**Exercise goal:** Of all the lines below, output only those starting at the one with "Kerudung Double Layer - JLB 82" and ending at the one with "2020 Niellon Chassagne", both ends included, exactly as written.
[Given entries — start]
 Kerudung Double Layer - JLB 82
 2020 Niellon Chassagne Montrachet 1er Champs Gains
[Given entries — finish]
[Given entries — start]
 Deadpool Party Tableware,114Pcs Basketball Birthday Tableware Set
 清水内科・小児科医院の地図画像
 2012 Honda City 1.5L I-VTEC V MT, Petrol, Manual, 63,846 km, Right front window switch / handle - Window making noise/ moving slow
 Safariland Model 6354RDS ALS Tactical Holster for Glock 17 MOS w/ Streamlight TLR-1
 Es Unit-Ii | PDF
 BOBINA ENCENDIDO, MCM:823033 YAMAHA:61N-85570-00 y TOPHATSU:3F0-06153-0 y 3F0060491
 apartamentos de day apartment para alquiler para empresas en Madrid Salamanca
[Given entries — finish]
**Answer below:**
 Kerudung Double Layer - JLB 82
 2020 Niellon Chassagne Montrachet 1er Champs Gains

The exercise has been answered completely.